### INPUT RECORDS
----------
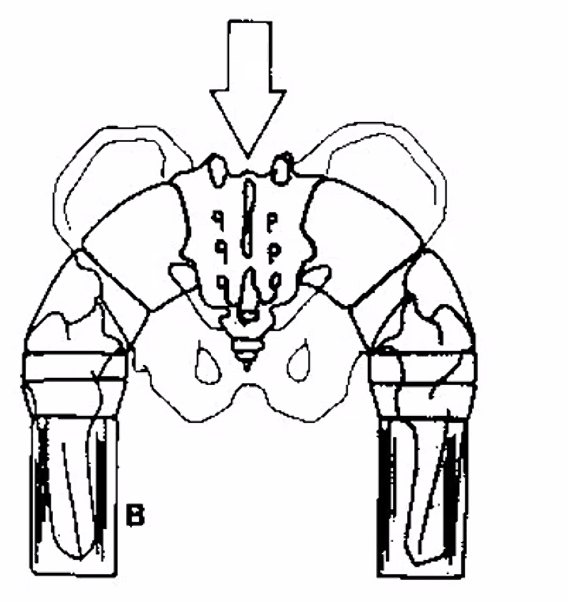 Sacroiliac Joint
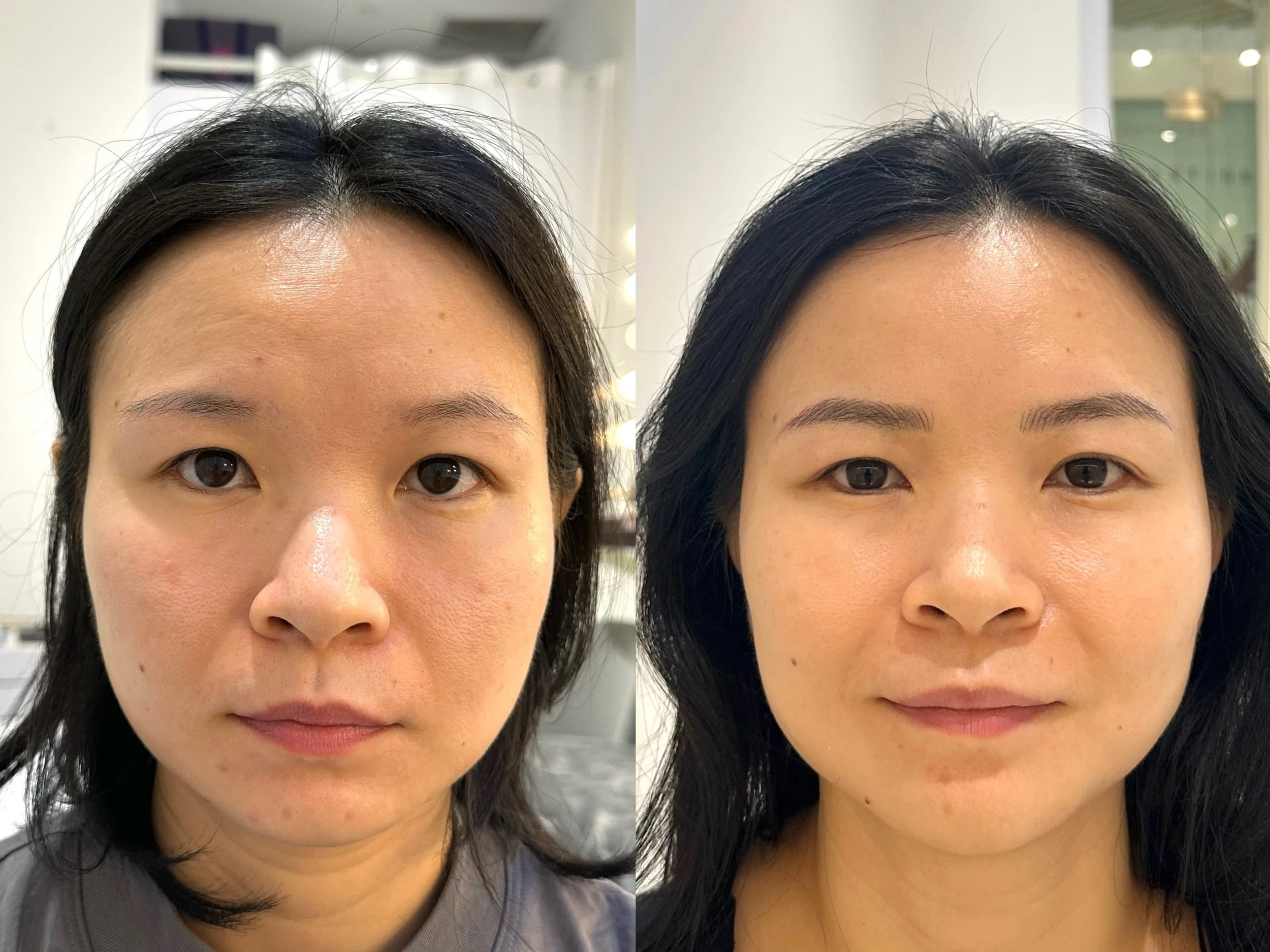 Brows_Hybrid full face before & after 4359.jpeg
----------
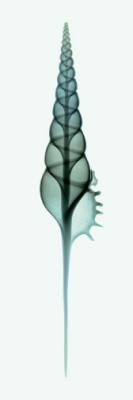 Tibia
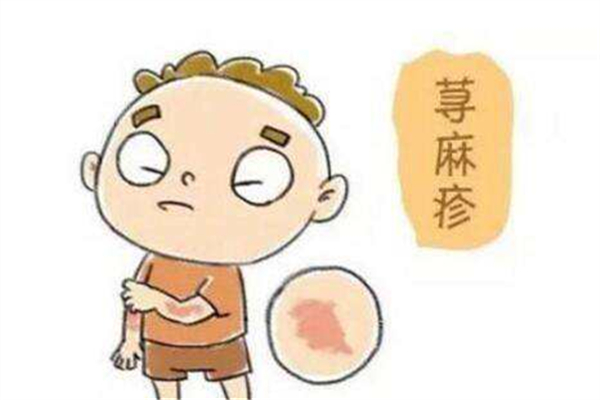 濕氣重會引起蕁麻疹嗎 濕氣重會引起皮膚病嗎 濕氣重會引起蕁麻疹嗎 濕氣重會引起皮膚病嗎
----------
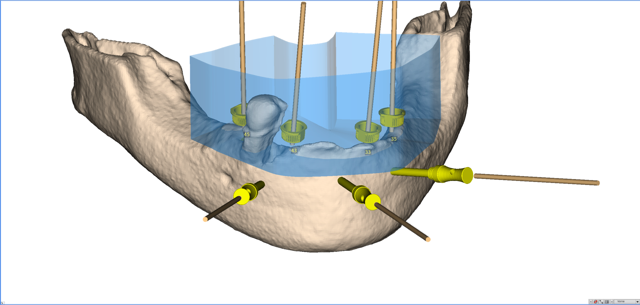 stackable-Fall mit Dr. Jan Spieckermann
----------
### EXERCISE PROMPT
Write out, word for word, the stretch of entries that begins at the line with "Sacroiliac Joint" and ends at the line with "Brows_Hybrid full face". Pictures do not belong in it.

### EXERCISE ANSWER
 Sacroiliac Joint
 Brows_Hybrid full face before & after 4359.jpeg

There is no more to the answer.